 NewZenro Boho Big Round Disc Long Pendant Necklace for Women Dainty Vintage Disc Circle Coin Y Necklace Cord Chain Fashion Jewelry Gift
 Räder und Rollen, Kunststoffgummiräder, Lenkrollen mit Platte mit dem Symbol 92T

* * *

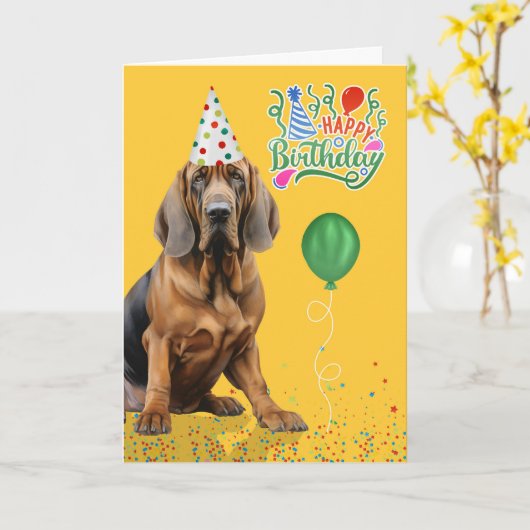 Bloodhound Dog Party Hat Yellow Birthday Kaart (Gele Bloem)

=== WORK TO COMPLETE ===
Given the records above, reproduce precisely and only the lines between the line holding "NewZenro Boho Big" and the line holding "Räder und Rollen, Kunststoffgummiräder, Lenkrollen", inclusive.

=== REPLY TO THE TASK ===
 NewZenro Boho Big Round Disc Long Pendant Necklace for Women Dainty Vintage Disc Circle Coin Y Necklace Cord Chain Fashion Jewelry Gift
 Räder und Rollen, Kunststoffgummiräder, Lenkrollen mit Platte mit dem Symbol 92T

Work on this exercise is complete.